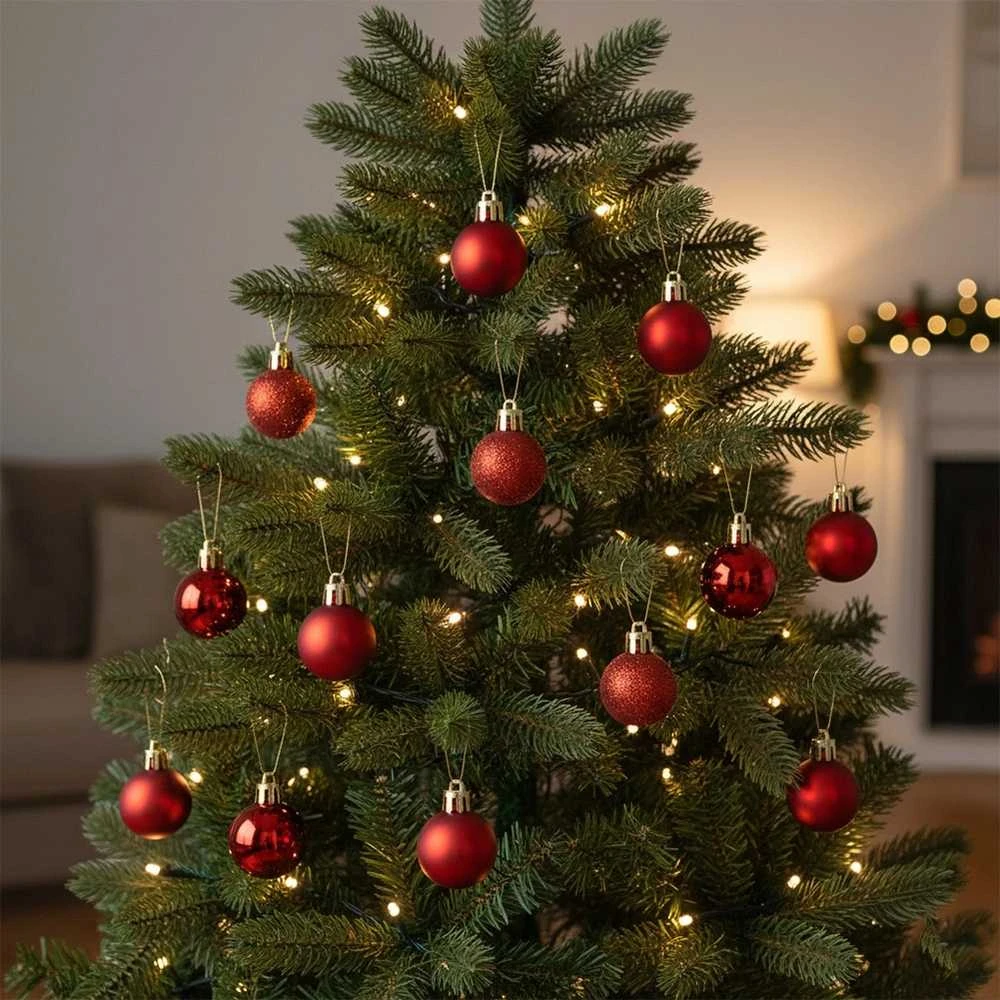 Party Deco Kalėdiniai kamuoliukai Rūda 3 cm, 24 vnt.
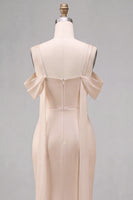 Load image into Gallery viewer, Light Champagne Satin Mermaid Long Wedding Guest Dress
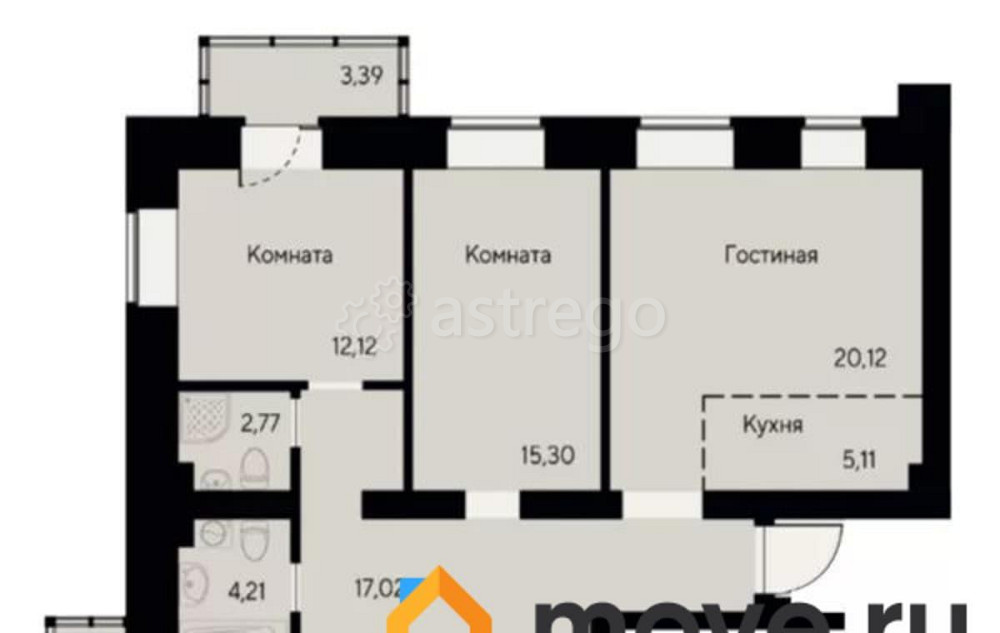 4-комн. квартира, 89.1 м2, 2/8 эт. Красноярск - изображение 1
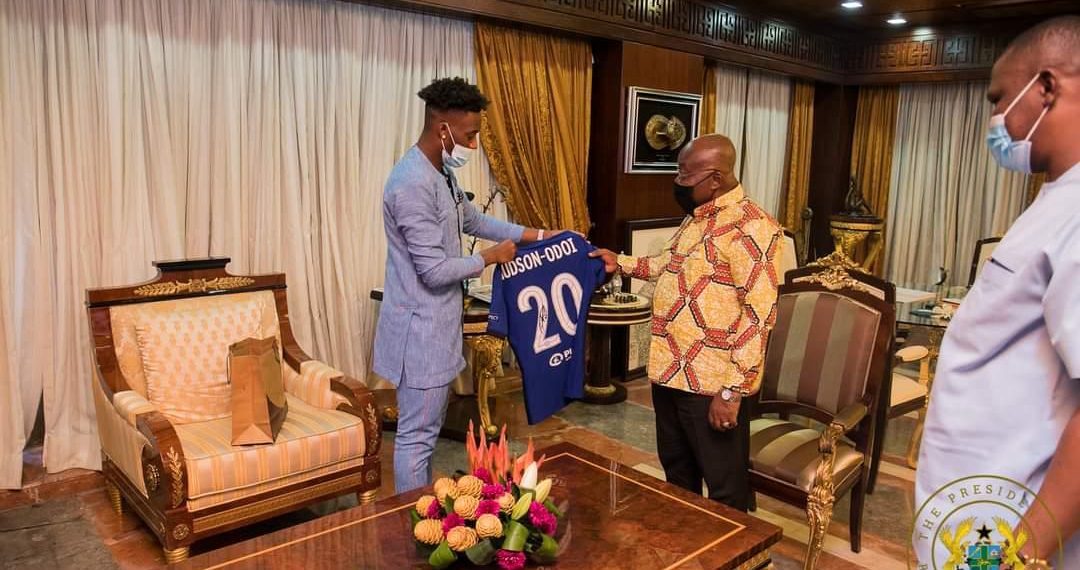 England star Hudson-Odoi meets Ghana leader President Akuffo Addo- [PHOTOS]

--

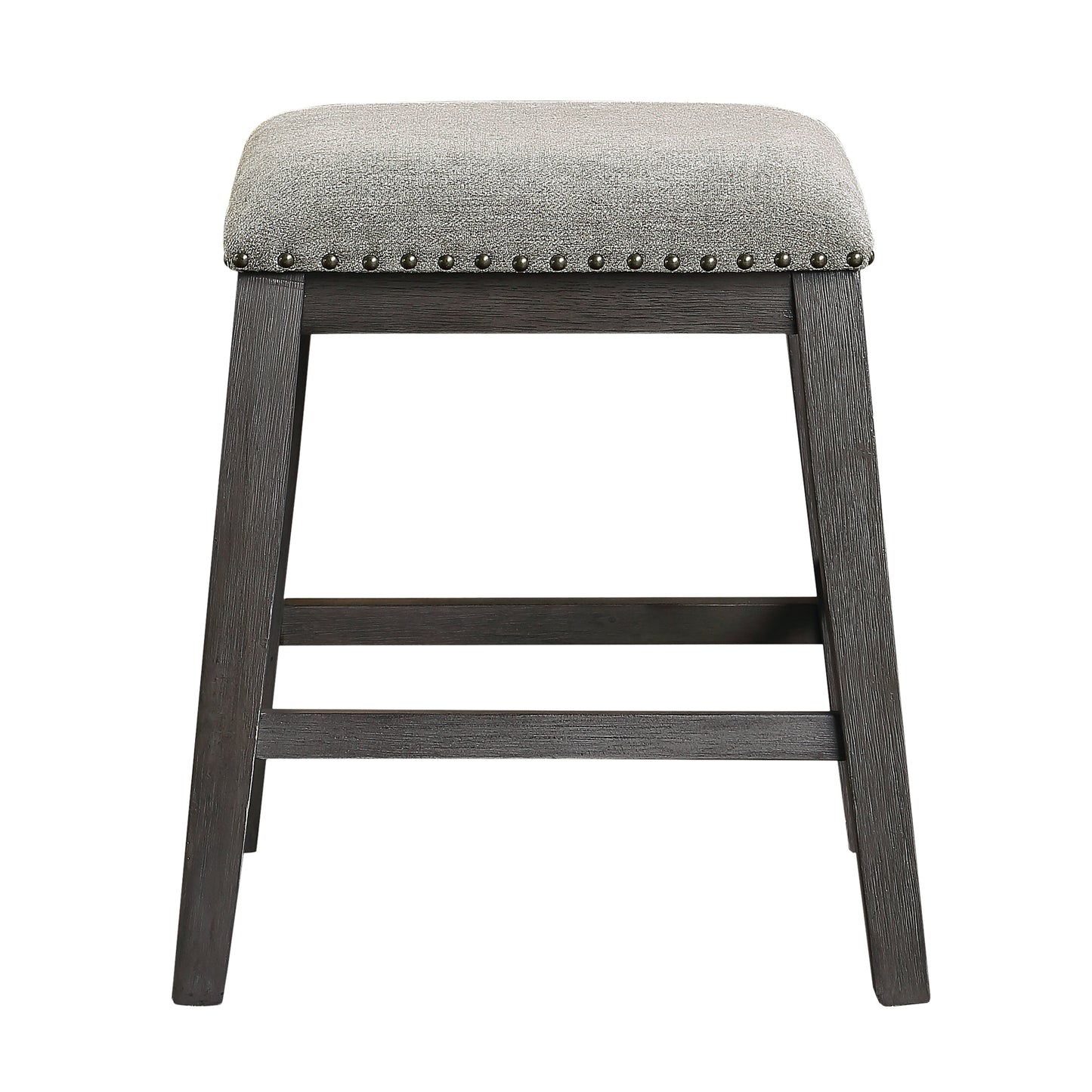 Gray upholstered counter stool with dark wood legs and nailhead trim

▸ TASK PROMPT:
Output only the stretch above from the line with "Load image into" through the line with "England star Hudson-Odoi", reproduced exactly. Exclude pictures.

▸ RESPONSE FOR THIS EXERCISE:
 Load image into Gallery viewer, Light Champagne Satin Mermaid Long Wedding Guest Dress
 4-комн. квартира, 89.1 м2, 2/8 эт. Красноярск - изображение 1
 England star Hudson-Odoi meets Ghana leader President Akuffo Addo- [PHOTOS]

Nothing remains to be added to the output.